*Activity*.
In the entries below, begin at the line that has "как археолога, ничто", stop after the line that has "Nanjing: Sun Yat-sen", and output those lines exactly with no pictures.

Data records
§

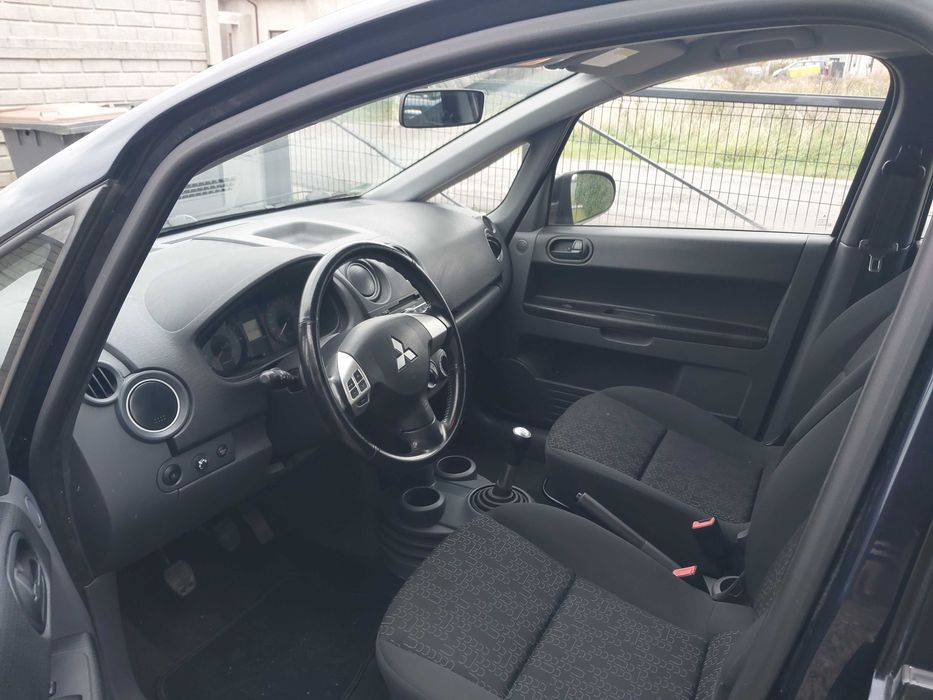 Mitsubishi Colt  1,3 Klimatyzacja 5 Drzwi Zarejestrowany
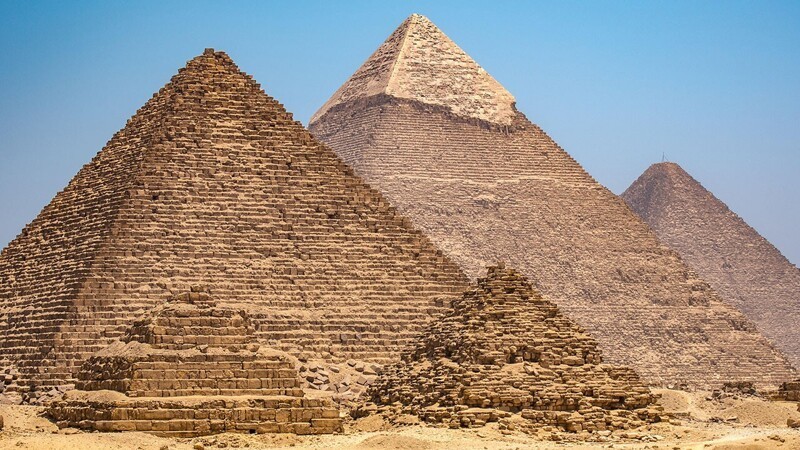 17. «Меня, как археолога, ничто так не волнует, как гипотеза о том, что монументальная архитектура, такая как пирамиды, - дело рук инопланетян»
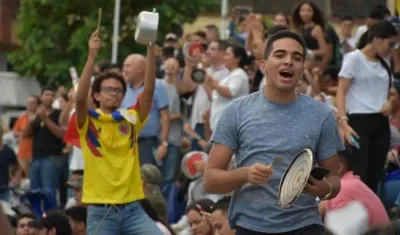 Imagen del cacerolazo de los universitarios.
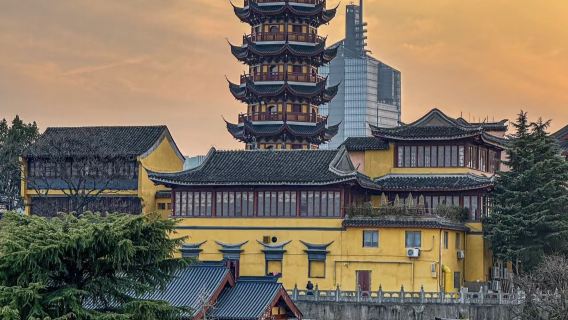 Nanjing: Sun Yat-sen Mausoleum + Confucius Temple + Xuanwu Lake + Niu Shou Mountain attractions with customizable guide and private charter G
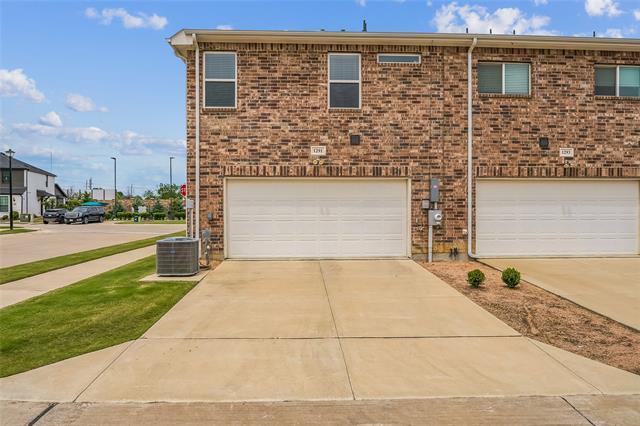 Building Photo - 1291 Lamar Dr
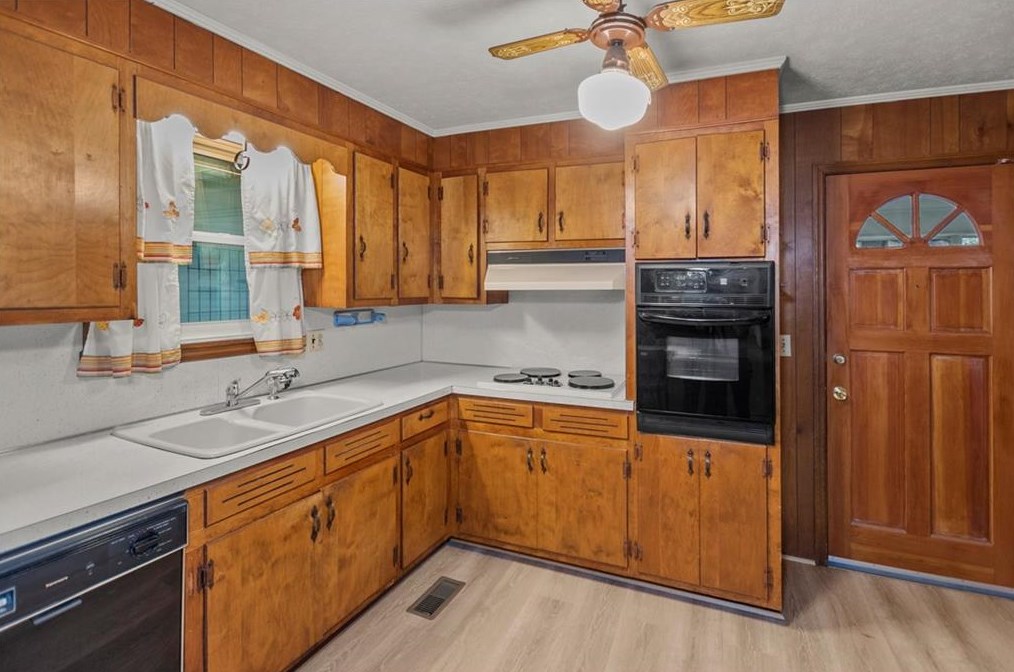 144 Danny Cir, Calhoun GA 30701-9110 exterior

§

*Exercise response*.
 17. «Меня, как археолога, ничто так не волнует, как гипотеза о том, что монументальная архитектура, такая как пирамиды, - дело рук инопланетян»
 Imagen del cacerolazo de los universitarios.
 Nanjing: Sun Yat-sen Mausoleum + Confucius Temple + Xuanwu Lake + Niu Shou Mountain attractions with customizable guide and private charter G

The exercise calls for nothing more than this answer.